(Short text fragments from websites)
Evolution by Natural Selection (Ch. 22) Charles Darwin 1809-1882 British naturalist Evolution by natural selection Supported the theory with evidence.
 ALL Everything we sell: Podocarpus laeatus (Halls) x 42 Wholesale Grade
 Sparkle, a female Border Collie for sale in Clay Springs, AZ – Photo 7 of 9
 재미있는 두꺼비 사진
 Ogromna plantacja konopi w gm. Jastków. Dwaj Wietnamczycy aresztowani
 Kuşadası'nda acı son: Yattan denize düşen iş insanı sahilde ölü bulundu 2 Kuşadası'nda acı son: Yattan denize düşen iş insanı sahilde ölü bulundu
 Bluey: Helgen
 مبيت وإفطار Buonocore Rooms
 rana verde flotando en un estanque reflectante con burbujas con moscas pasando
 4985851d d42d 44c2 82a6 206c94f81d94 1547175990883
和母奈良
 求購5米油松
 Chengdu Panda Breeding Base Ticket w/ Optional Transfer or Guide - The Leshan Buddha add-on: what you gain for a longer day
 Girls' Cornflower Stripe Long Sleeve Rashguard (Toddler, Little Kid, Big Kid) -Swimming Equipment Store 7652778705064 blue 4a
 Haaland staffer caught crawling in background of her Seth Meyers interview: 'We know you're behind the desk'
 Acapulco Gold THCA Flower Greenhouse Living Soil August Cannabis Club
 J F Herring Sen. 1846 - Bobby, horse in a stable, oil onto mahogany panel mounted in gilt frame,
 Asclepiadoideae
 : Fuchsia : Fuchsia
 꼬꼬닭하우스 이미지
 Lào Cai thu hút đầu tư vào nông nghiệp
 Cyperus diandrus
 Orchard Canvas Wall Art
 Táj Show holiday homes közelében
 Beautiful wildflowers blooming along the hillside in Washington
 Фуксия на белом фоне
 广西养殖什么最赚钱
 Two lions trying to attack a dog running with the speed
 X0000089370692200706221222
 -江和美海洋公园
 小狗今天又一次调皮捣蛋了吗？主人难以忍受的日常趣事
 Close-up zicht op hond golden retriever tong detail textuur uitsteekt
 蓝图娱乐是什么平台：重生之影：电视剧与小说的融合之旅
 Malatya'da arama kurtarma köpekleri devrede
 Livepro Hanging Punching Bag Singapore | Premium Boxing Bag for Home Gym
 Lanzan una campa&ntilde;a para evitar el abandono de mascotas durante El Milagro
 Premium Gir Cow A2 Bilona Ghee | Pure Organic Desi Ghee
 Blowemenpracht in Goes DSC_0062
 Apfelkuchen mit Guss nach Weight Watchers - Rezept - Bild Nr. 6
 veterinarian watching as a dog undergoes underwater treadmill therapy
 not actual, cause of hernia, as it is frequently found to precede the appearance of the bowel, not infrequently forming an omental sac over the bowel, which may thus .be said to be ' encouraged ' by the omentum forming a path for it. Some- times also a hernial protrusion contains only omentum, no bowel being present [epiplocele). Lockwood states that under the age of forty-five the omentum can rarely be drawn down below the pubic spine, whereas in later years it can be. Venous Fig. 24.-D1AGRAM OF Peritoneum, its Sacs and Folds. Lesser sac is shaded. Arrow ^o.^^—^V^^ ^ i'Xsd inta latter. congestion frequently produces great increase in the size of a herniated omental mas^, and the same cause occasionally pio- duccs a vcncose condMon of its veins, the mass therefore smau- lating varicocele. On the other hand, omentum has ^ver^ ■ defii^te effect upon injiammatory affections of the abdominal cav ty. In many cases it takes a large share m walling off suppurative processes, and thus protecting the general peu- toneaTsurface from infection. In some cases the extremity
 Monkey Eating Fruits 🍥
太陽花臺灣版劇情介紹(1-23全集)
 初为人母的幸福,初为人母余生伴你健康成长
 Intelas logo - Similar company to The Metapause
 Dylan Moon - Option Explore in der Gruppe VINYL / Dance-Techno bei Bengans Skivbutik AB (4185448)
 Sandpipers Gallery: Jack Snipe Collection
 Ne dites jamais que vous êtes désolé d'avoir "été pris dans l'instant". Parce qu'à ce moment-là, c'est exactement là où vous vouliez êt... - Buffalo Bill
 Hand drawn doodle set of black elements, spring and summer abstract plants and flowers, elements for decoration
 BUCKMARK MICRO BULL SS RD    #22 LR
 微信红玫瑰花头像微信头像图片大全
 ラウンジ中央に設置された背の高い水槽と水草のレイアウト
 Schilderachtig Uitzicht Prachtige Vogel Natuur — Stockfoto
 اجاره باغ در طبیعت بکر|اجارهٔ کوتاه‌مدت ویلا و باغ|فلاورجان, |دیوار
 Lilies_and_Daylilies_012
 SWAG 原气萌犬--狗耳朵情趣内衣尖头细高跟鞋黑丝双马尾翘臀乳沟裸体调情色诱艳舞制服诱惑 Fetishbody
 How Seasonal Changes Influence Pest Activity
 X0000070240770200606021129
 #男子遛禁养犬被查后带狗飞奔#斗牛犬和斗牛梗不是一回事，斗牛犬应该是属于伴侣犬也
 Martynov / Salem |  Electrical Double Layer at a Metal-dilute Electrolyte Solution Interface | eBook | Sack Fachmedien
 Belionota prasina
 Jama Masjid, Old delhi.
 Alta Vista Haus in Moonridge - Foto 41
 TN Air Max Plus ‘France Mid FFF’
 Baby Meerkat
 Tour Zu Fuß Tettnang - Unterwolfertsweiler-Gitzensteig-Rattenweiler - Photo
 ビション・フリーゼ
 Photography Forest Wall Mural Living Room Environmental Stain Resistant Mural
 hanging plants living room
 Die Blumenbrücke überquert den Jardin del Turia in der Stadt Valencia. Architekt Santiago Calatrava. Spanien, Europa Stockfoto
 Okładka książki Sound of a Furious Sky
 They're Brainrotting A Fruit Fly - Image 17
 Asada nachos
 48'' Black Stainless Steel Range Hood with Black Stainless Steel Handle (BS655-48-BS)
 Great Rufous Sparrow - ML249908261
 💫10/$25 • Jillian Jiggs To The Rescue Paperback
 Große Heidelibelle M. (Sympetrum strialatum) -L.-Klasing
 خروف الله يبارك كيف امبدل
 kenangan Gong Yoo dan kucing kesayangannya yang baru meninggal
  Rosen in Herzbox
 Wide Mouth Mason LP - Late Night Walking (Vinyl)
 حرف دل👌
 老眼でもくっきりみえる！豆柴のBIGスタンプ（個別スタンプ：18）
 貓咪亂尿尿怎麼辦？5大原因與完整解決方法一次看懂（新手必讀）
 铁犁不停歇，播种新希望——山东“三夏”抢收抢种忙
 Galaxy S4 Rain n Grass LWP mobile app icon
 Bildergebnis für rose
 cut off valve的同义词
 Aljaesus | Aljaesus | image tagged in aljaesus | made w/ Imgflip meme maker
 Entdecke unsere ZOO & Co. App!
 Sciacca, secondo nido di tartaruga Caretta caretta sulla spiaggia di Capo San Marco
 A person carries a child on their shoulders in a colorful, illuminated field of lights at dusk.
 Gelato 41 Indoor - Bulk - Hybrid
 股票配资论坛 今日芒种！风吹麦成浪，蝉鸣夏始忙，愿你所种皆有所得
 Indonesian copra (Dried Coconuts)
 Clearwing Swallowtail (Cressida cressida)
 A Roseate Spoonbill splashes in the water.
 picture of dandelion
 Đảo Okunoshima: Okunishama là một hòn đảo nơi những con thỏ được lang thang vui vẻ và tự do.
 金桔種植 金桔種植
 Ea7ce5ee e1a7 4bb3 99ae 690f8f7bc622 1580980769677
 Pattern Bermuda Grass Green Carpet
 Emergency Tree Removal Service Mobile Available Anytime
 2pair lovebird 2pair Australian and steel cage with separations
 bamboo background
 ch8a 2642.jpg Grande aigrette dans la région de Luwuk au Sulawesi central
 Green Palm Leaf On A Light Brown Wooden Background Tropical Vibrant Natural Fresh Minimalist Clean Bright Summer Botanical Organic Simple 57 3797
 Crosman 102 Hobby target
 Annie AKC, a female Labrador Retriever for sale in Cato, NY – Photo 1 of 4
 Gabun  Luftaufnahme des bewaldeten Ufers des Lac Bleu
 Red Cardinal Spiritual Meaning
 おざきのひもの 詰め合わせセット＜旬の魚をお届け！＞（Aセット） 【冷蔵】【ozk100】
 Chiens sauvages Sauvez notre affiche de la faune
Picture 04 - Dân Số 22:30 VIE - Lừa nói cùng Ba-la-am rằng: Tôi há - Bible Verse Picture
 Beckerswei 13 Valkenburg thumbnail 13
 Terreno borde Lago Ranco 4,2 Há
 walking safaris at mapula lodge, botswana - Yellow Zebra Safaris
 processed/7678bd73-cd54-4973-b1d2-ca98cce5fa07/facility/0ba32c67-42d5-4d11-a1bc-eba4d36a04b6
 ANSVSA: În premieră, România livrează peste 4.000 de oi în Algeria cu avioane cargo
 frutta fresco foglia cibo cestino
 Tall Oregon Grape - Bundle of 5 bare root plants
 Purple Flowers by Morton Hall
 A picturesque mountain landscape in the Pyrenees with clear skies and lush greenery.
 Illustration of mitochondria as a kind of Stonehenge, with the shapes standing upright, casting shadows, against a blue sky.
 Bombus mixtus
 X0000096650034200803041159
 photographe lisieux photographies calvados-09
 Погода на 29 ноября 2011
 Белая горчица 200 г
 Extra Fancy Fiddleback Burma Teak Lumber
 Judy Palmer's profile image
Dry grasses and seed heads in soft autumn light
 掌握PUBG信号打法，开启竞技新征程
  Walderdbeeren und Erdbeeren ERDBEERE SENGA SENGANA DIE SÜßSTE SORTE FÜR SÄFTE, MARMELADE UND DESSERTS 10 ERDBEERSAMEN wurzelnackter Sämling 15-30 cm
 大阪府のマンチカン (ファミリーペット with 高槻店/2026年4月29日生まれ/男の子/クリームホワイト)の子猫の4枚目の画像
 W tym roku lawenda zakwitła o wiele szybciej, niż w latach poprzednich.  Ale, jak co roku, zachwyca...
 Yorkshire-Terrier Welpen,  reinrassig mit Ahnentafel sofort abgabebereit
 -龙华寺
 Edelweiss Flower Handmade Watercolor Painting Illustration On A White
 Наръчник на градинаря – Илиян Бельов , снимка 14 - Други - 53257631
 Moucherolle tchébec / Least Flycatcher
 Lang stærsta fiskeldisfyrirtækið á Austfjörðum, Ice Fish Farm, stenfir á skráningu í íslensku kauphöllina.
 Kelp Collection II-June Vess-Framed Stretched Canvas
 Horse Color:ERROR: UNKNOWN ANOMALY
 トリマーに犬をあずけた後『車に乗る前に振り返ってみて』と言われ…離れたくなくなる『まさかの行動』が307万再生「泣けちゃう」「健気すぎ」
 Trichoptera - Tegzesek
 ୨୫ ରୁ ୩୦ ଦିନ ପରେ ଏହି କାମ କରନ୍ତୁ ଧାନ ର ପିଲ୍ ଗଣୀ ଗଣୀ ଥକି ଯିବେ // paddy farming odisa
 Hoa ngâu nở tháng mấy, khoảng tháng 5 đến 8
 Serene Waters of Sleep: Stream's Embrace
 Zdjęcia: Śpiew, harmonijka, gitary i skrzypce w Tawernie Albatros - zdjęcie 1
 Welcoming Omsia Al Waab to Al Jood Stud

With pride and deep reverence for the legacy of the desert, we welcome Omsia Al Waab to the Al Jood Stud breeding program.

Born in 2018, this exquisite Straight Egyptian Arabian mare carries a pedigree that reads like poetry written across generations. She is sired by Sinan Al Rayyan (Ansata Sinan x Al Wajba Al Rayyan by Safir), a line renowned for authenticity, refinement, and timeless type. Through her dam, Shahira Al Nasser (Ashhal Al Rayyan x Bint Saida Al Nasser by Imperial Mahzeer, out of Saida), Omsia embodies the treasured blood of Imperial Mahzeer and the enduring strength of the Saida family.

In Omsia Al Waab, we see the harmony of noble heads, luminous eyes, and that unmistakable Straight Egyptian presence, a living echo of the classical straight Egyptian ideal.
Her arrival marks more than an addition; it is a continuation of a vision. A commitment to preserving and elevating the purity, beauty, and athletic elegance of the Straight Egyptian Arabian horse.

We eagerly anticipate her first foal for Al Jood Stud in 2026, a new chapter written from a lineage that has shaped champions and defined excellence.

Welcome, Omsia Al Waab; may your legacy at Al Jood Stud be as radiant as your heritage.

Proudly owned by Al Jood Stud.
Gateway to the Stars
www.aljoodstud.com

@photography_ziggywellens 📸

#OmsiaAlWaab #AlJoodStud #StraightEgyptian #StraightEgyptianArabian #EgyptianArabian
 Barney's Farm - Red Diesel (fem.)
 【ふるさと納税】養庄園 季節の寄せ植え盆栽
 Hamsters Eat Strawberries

• **Assignment**: Could you restate word for word the lines above, from the one that contains "ch8a 2642.jpg Grande" through the one that contains "Chiens sauvages Sauvez", and no others?

• **Answer space**:
 ch8a 2642.jpg Grande aigrette dans la région de Luwuk au Sulawesi central
 Green Palm Leaf On A Light Brown Wooden Background Tropical Vibrant Natural Fresh Minimalist Clean Bright Summer Botanical Organic Simple 57 3797
 Crosman 102 Hobby target
 Annie AKC, a female Labrador Retriever for sale in Cato, NY – Photo 1 of 4
 Gabun  Luftaufnahme des bewaldeten Ufers des Lac Bleu
 Red Cardinal Spiritual Meaning
 おざきのひもの 詰め合わせセット＜旬の魚をお届け！＞（Aセット） 【冷蔵】【ozk100】
 Chiens sauvages Sauvez notre affiche de la faune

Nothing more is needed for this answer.